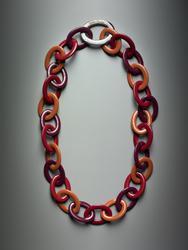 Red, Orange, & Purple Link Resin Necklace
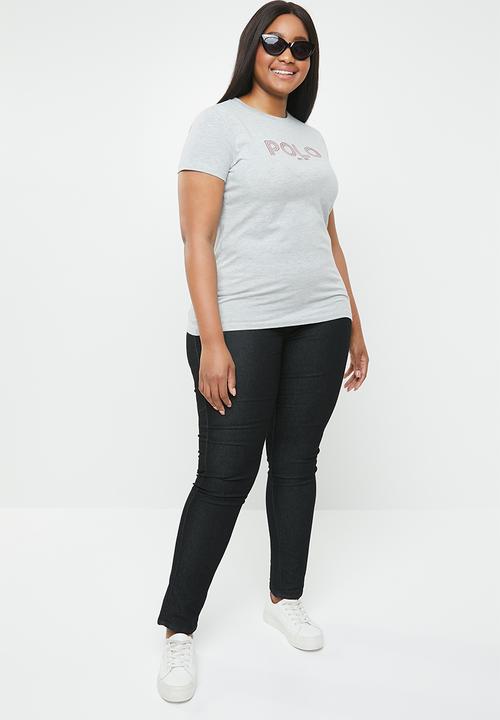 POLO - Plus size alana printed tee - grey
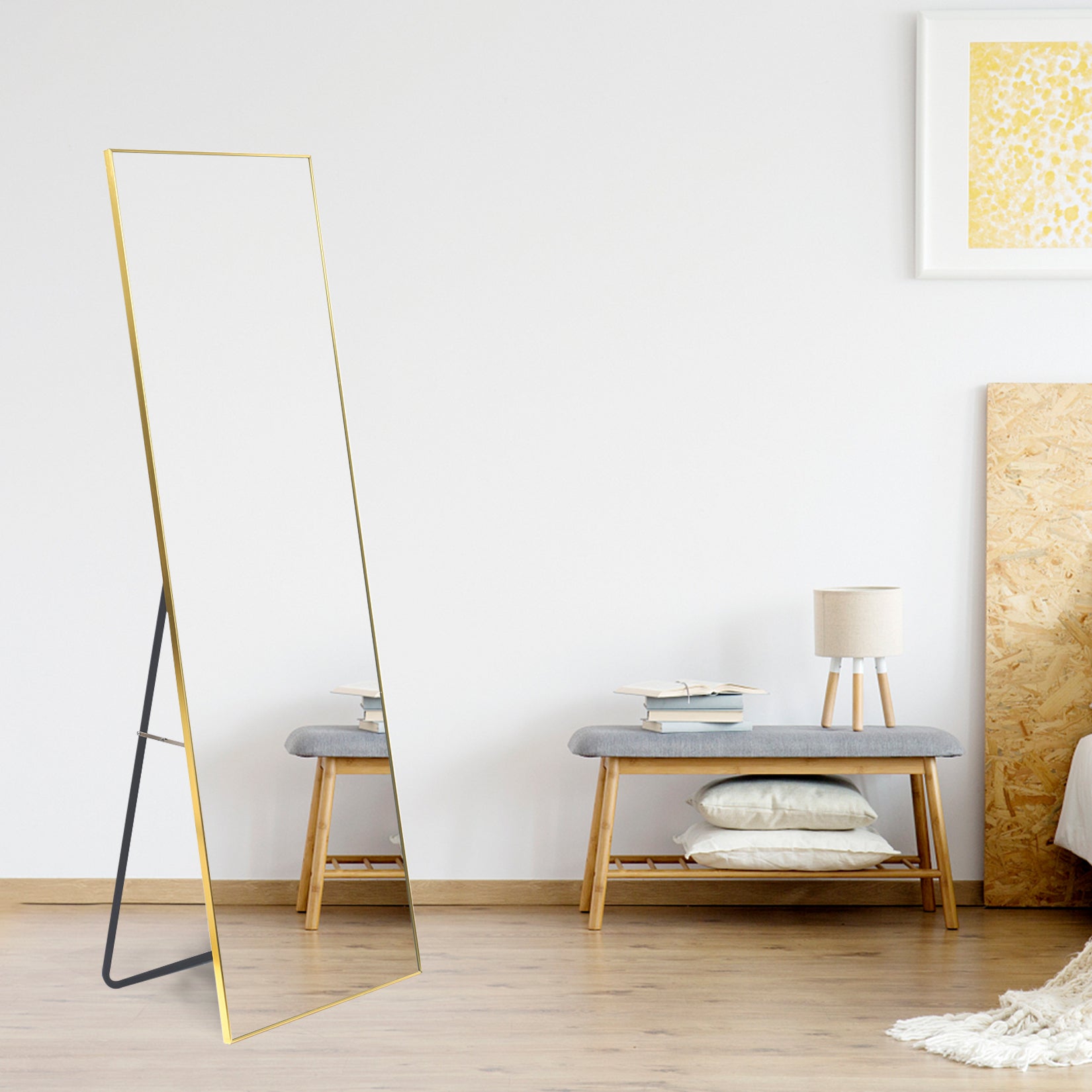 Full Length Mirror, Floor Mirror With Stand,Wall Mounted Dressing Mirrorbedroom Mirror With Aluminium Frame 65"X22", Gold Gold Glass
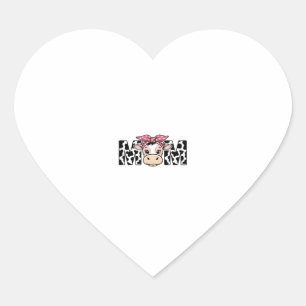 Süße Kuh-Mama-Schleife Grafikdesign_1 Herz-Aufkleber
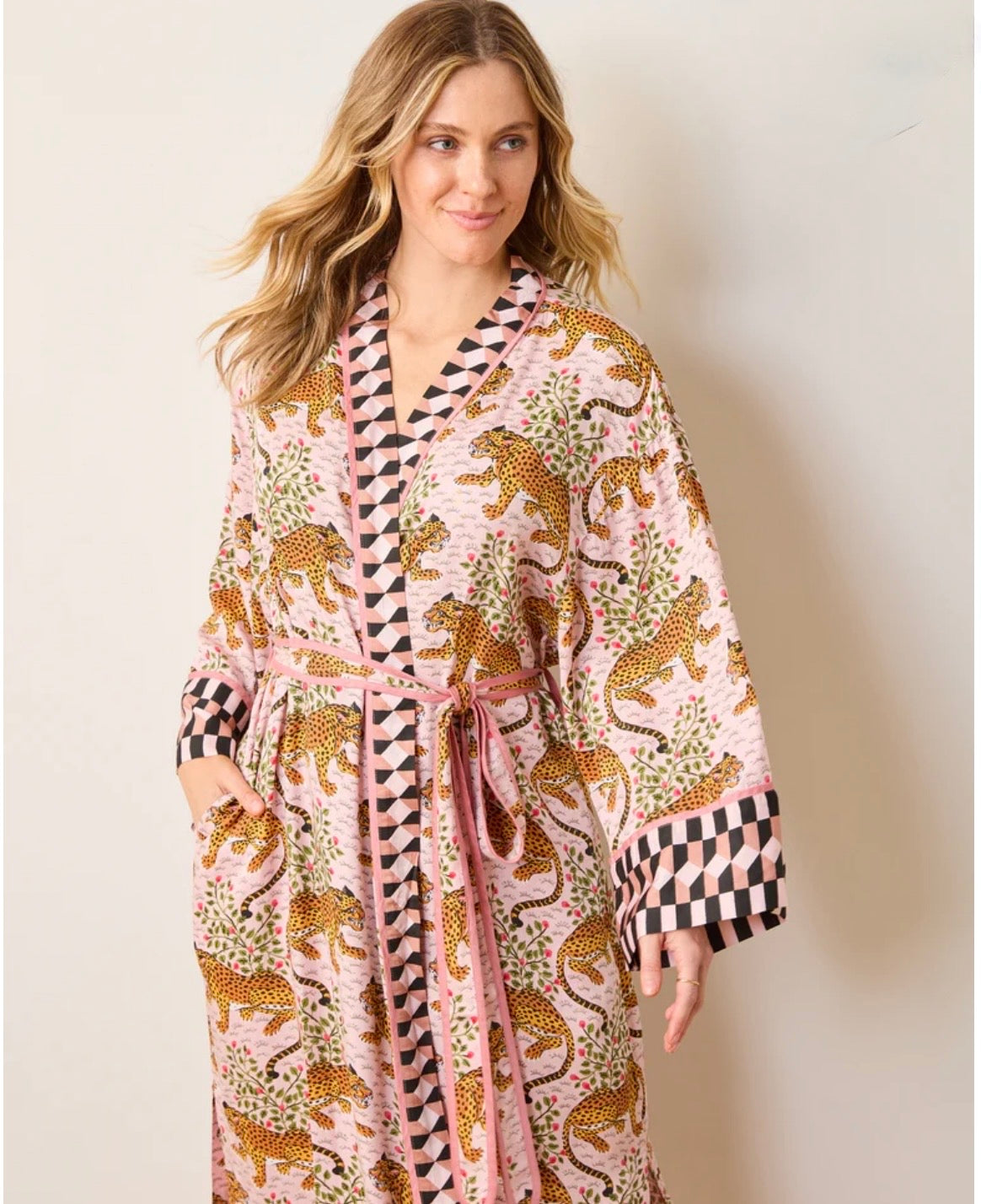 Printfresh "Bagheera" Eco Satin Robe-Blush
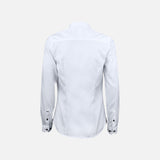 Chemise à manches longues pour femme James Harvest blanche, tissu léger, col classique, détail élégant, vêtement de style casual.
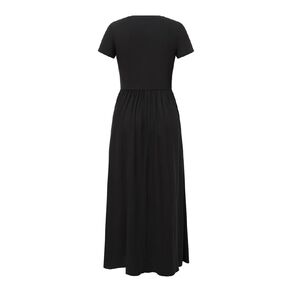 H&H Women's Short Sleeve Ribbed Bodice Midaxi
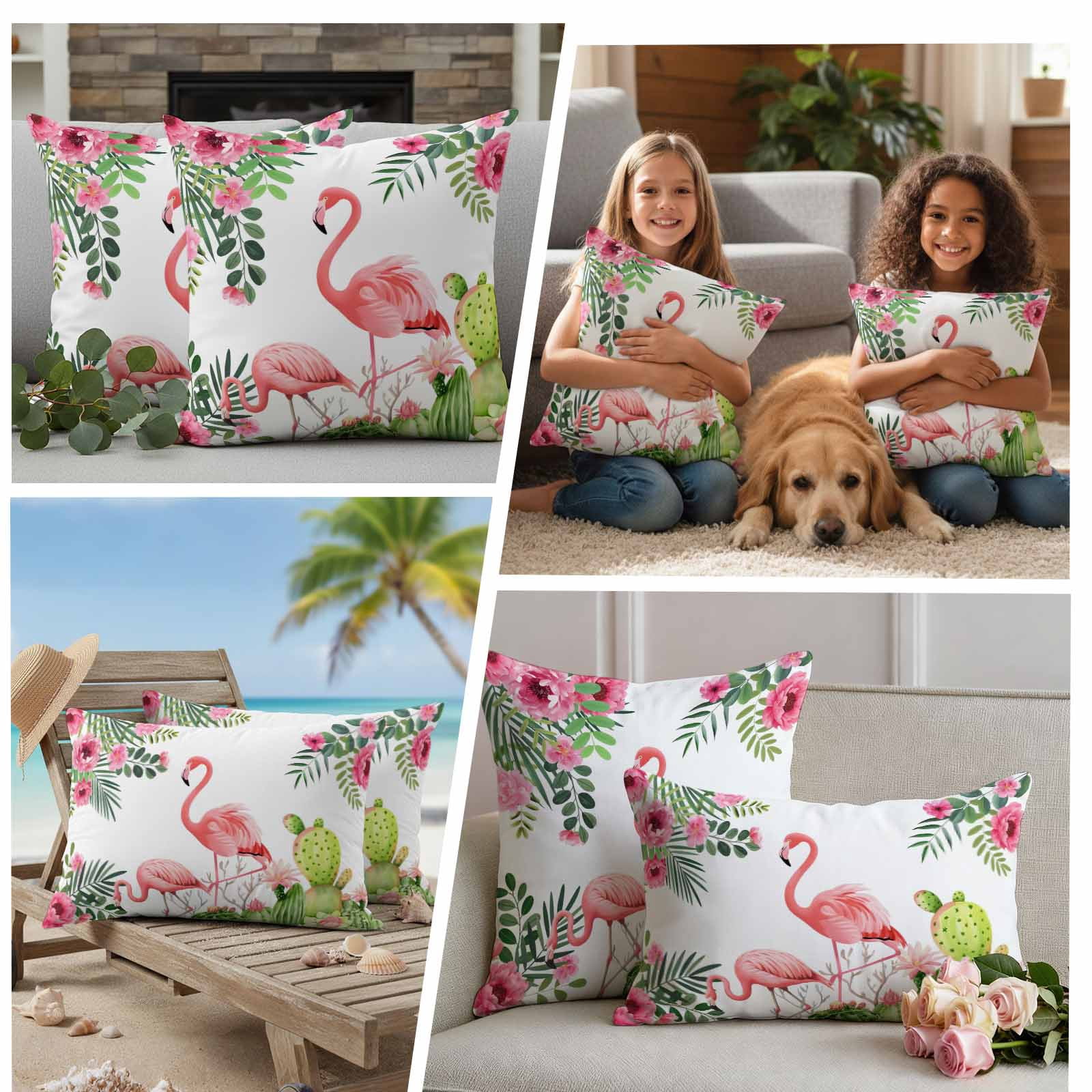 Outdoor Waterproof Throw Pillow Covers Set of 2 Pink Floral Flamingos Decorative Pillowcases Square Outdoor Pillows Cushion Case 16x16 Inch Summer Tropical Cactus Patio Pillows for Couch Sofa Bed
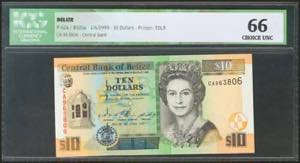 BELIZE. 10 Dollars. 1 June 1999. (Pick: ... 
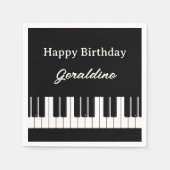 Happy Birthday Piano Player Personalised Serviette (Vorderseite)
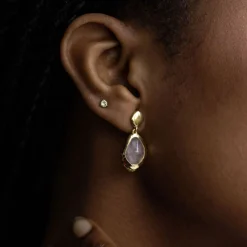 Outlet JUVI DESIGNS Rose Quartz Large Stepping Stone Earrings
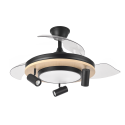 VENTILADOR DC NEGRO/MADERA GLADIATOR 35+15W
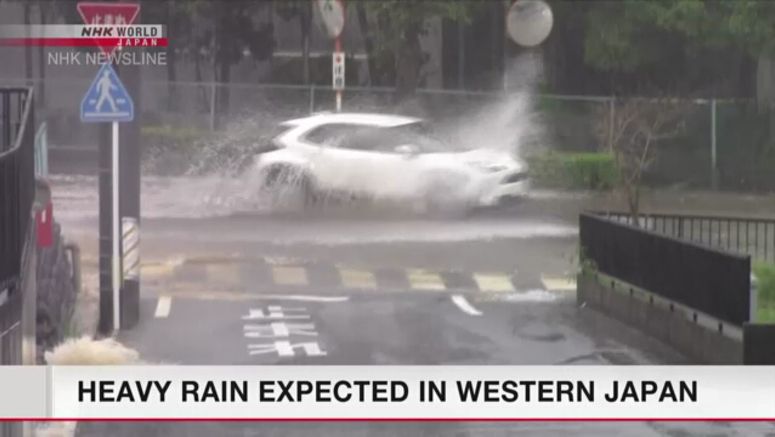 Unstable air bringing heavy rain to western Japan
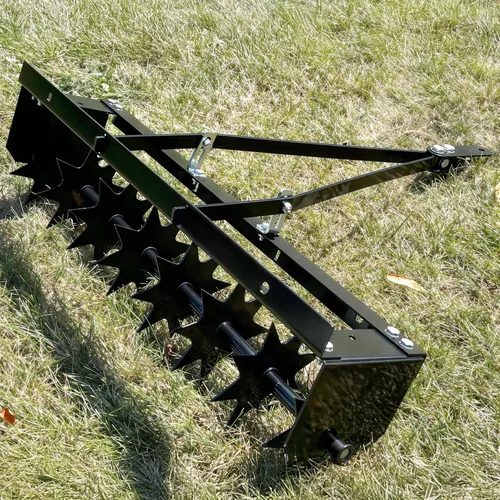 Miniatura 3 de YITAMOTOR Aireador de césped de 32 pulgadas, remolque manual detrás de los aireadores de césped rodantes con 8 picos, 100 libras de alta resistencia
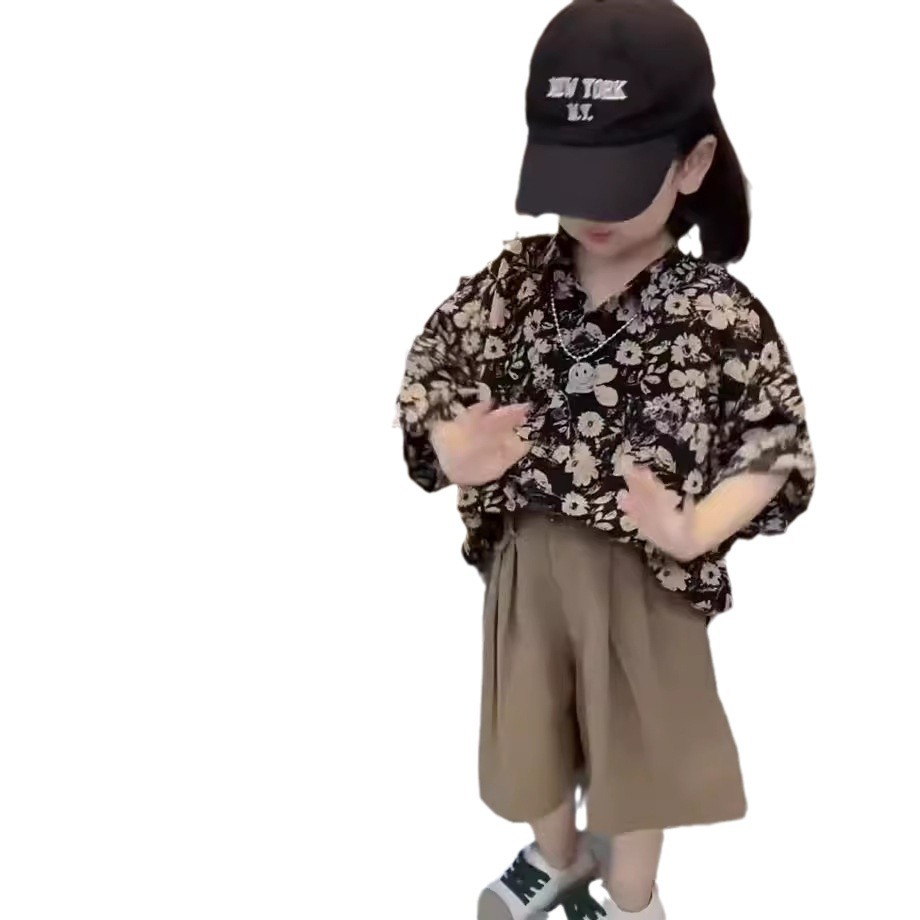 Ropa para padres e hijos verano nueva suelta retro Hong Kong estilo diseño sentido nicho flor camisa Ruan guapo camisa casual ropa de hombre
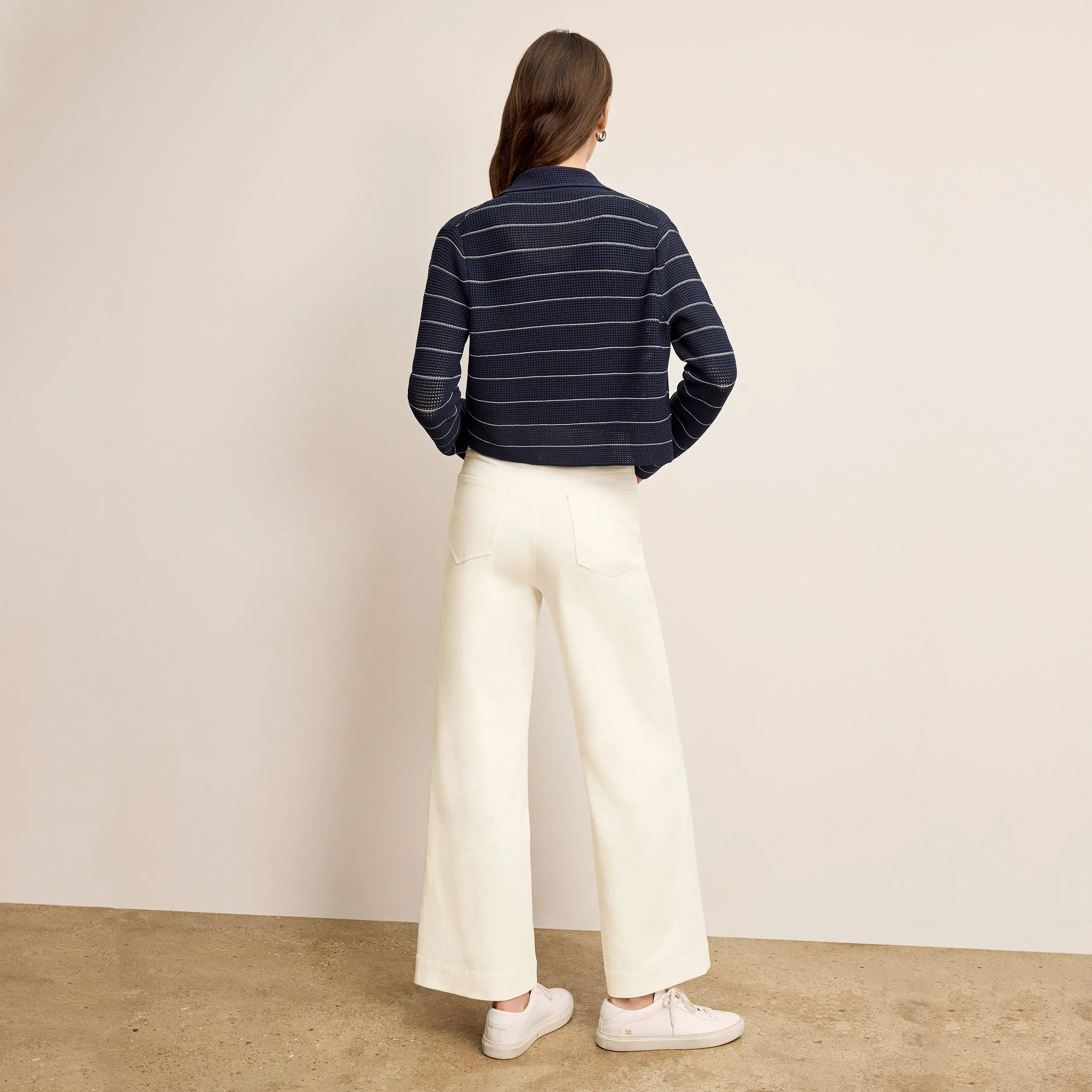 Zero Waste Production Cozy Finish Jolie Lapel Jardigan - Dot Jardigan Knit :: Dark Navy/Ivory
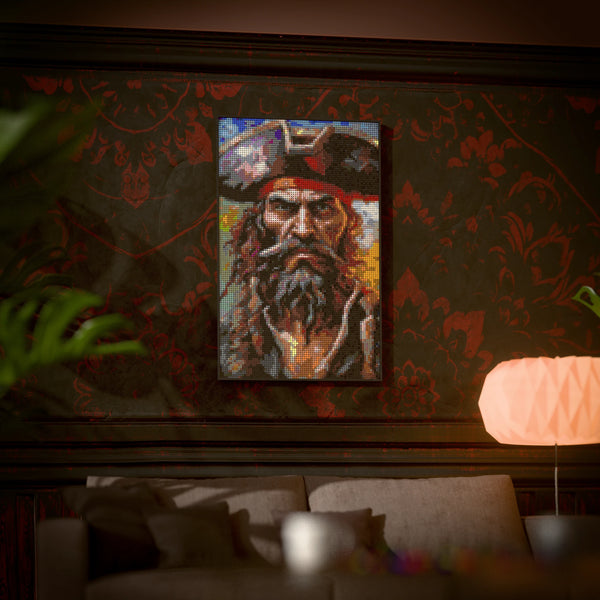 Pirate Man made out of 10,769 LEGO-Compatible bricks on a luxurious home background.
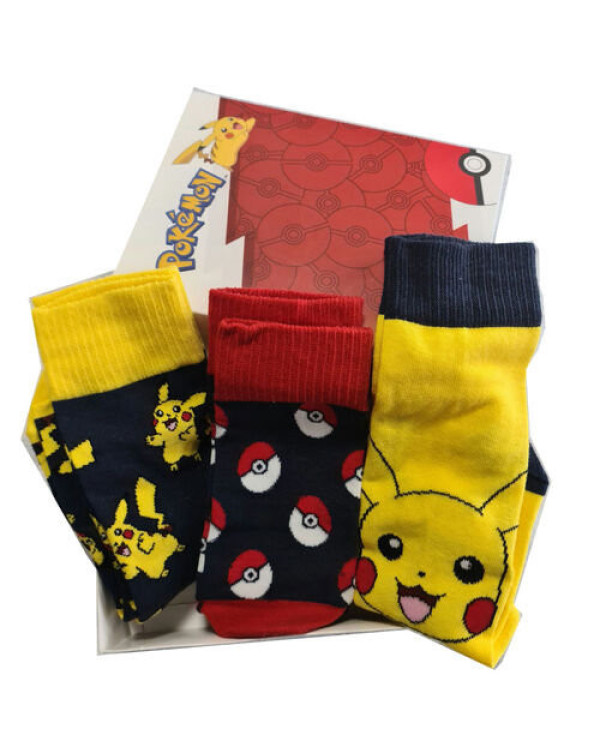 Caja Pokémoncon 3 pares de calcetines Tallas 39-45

--

_TASK STATEMENT_
Reproduce the listing above only between the lines holding "POLO - Plus size alana printed tee - grey" and "Eco Satin Robe-Blush", inclusive. Every line must match exactly, and pictures are dropped.

_SOLVED PROBLEM_
 POLO - Plus size alana printed tee - grey
 Full Length Mirror, Floor Mirror With Stand,Wall Mounted Dressing Mirrorbedroom Mirror With Aluminium Frame 65"X22", Gold Gold Glass
 Süße Kuh-Mama-Schleife Grafikdesign_1 Herz-Aufkleber
 Printfresh "Bagheera" Eco Satin Robe-Blush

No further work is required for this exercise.